### Work to be completed
Please retype the data below line for line and leave out every picture.

### Given information
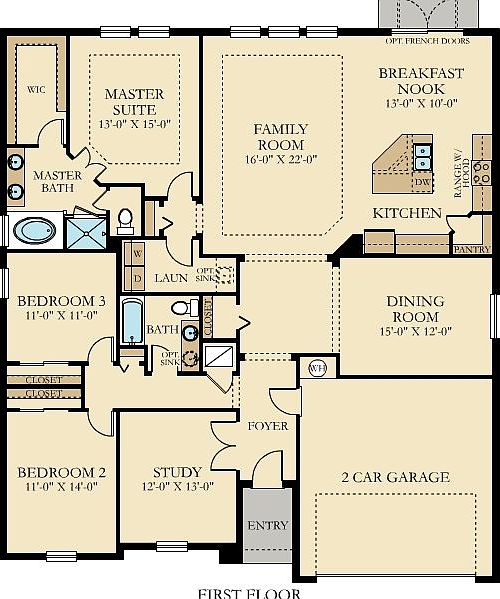 2nd image of 848 Bay Bridge Cir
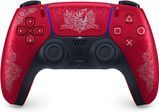 Беспроводной геймпад Dualsense для PS5 Monster Hunter Wilds Limited Edition  04948872416726 фото
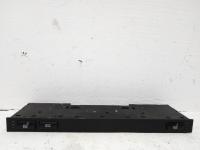 Блок кнопок DSC подогрев сидений E39 61318373772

### Task response
 2nd image of 848 Bay Bridge Cir
 Беспроводной геймпад Dualsense для PS5 Monster Hunter Wilds Limited Edition  04948872416726 фото
 Блок кнопок DSC подогрев сидений E39 61318373772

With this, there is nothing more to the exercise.